## THE PROBLEM:
Once the line holding "Merton Abbey Station" is written out, stop; begin at the first line of the material below and retype exactly, dropping pictures.

## DATA SECTION:
******
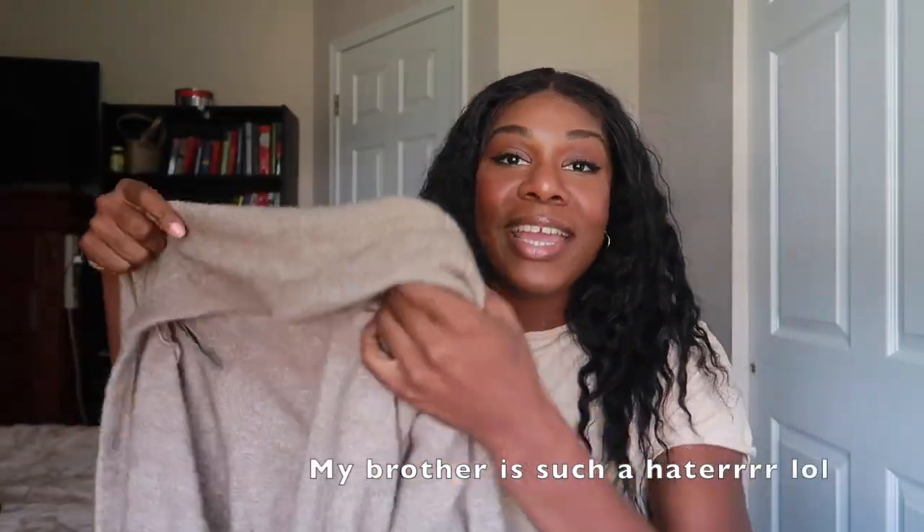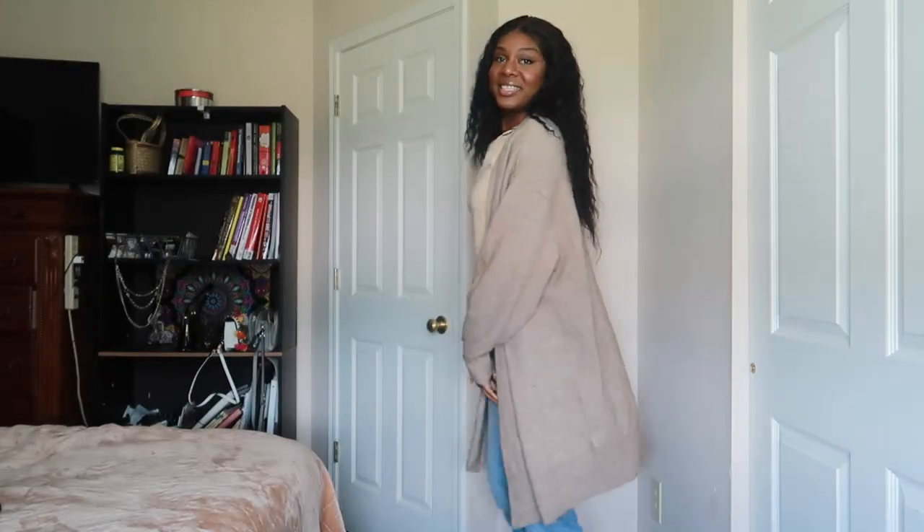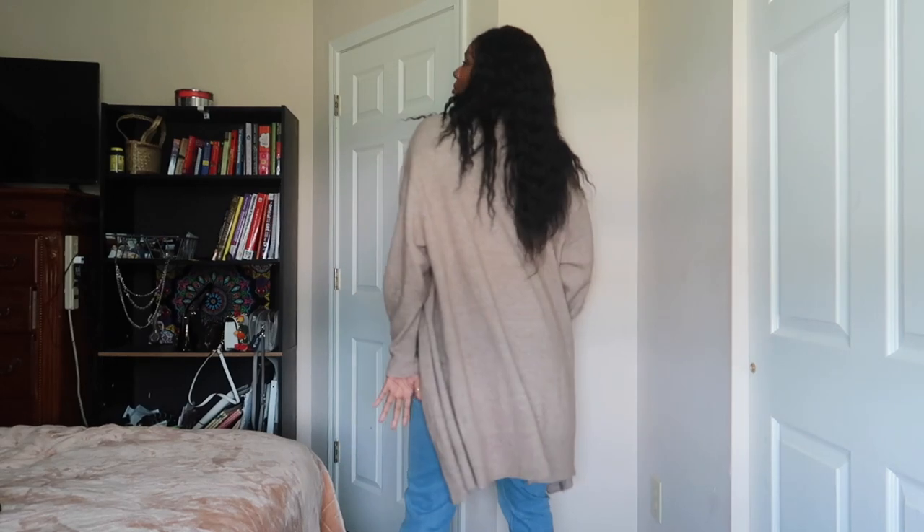Item number two that I got is this cardigan and it's like a wool-type blend — it's definitely not wool, I got it from H&M. I can't remember how much it was, but I freaking love this cardigan. I've worn it like every day since I got it. I'm going to put it on and show you guys what it looks like. So this is the cardigan — I love it.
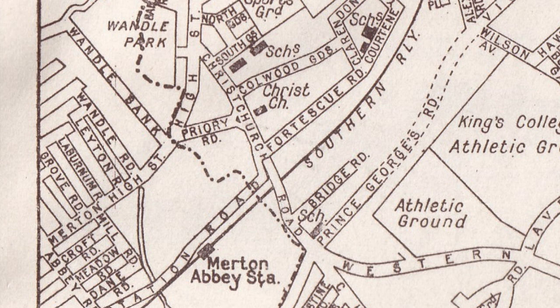Merton Abbey Station was to the west of the boundary and so not in Mitcham. We can see that Christchurch Road is in Mitcham, as is Prince George's Road, going up towards Colliers Wood station.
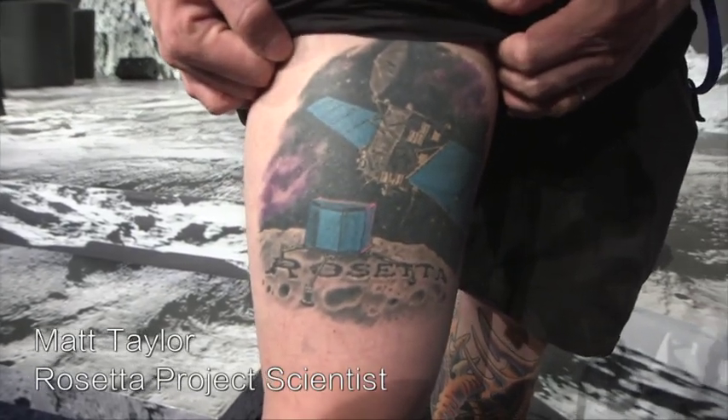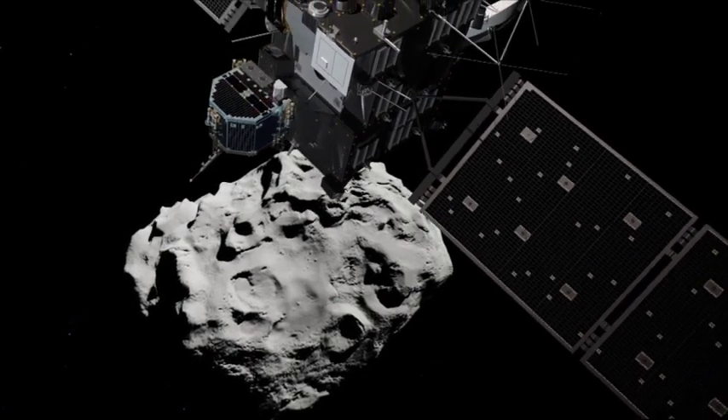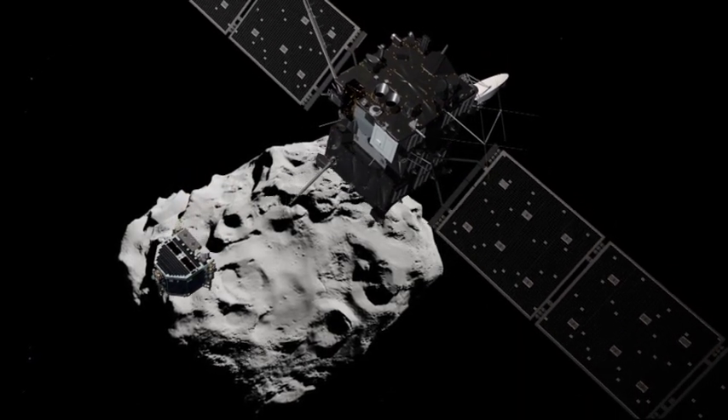We've gone through the next step in the mission. We've got confirmation that the Philae lander has been deployed. It's left the orbiter, it's left the mothership as it were, and we're on the next paving slab of the story that is Rosetta — the road towards the comet.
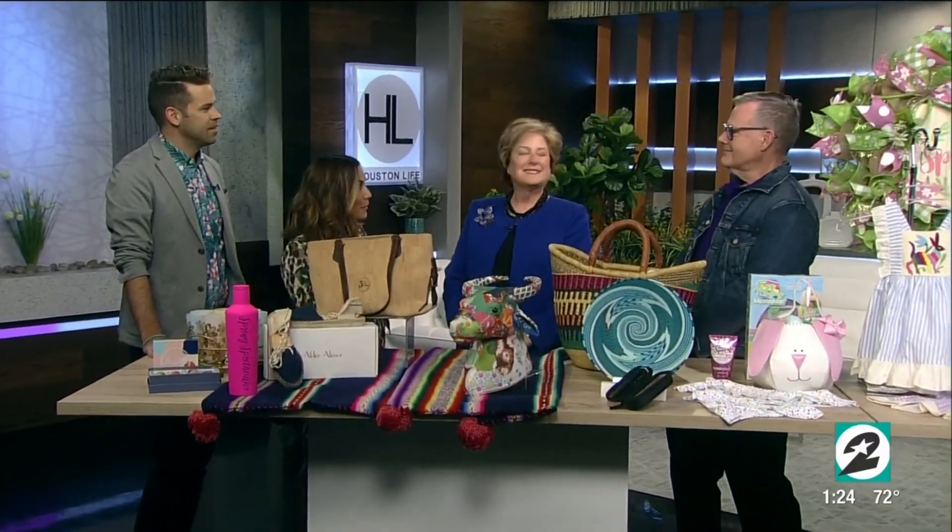Patsy Chapman, Nutcracker Market CEO, is here to break down this brand new event for us in the city, along with longtime vendor Jeff Kraus with Round Top Collection, a very popular vendor at the Nutcracker Market. Welcome to both of you.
******
## RESPONSE FOR THIS EXERCISE:
Item number two that I got is this cardigan and it's like a wool-type blend — it's definitely not wool, I got it from H&M. I can't remember how much it was, but I freaking love this cardigan. I've worn it like every day since I got it. I'm going to put it on and show you guys what it looks like. So this is the cardigan — I love it.
Merton Abbey Station was to the west of the boundary and so not in Mitcham. We can see that Christchurch Road is in Mitcham, as is Prince George's Road, going up towards Colliers Wood station.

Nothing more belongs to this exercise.